Derivative of function to power function form
Derivative of Function to Power Function Form
When dealing with derivatives in calculus, one often encounters functions raised to a power. Understanding how to differentiate these functions is crucial for solving a wide range of problems. In this guide, we will explore the differentiation of functions in the form of $f(x)^{g(x)}$, where both $f(x)$ and $g(x)$ are differentiable functions of $x$.
Basic Power Rule
Before diving into the more complex cases, let's recall the basic power rule for differentiation. If $f(x) = x^n$ where $n$ is a constant, then the derivative of $f(x)$ with respect to $x$ is given by:
$$ f'(x) = \frac{d}{dx}x^n = nx^{n-1} $$
Derivative of a Function Raised to a Power
When a function $u(x)$ is raised to the power of a constant $n$, the power rule can be extended as follows:
$$ \frac{d}{dx}u(x)^n = nu(x)^{n-1} \cdot u'(x) $$
This is a direct application of the chain rule, which states that the derivative of a composite function is the derivative of the outer function evaluated at the inner function, multiplied by the derivative of the inner function.

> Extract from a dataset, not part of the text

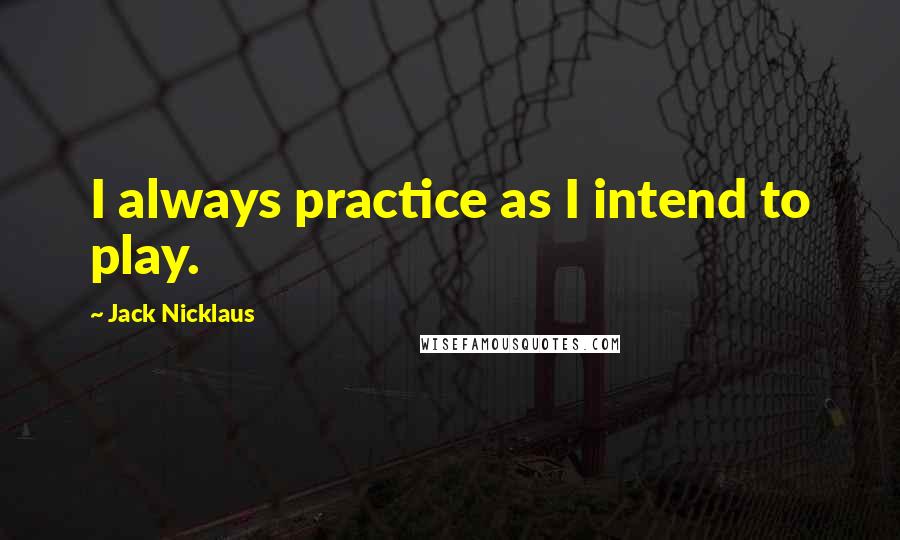 Jack Nicklaus Quotes: I always practice as I intend to play.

Derivative of a Power Function Form $f(x)^{g(x)}$
When we have a function raised to another function, $f(x)^{g(x)}$, the differentiation becomes more complex. To differentiate this form, we use logarithmic differentiation. Here are the steps:
Take the natural logarithm of both sides: $$ \ln y = \ln \left[f(x)^{g(x)}\right] $$
Simplify using logarithm properties: $$ \ln y = g(x) \cdot \ln f(x) $$
Differentiate both sides with respect to $x$, applying the product rule to the right-hand side: $$ \frac{1}{y} \cdot \frac{dy}{dx} = g'(x) \cdot \ln f(x) + g(x) \cdot \frac{1}{f(x)} \cdot f'(x) $$
Solve for $\frac{dy}{dx}$: $$ \frac{dy}{dx} = y \cdot \left[g'(x) \cdot \ln f(x) + g(x) \cdot \frac{f'(x)}{f(x)}\right] $$
Substitute back $y = f(x)^{g(x)}$ to get the derivative in terms of $x$: $$ \frac{d}{dx}f(x)^{g(x)} = f(x)^{g(x)} \cdot \left[g'(x) \cdot \ln f(x) + g(x) \cdot \frac{f'(x)}{f(x)}\right] $$
Table of Differences and Important Points
| Property | Basic Power Rule $x^n$ | Function to a Constant Power $u(x)^n$ | Function to a Function Power $f(x)^{g(x)}$ |
|---|---|---|---|
| Rule | $nx^{n-1}$ | $nu(x)^{n-1} \cdot u'(x)$ | $f(x)^{g(x)} \cdot \left[g'(x) \cdot \ln f(x) + g(x) \cdot \frac{f'(x)}{f(x)}\right]$ |
| Requires Chain Rule | No | Yes | Yes |
| Requires Logarithmic Differentiation | No | No | Yes |
| Example | $\frac{d}{dx}x^3 = 3x^2$ | $\frac{d}{dx}(2x+1)^3 = 3(2x+1)^2 \cdot 2$ | $\frac{d}{dx}(x^2)^{\sin x} = (x^2)^{\sin x} \cdot \left[\cos x \cdot \ln x^2 + \sin x \cdot \frac{2x}{x^2}\right]$ |
Examples
Example 1: Function to a Constant Power
Differentiate $h(x) = (3x^2 + 2x + 1)^5$.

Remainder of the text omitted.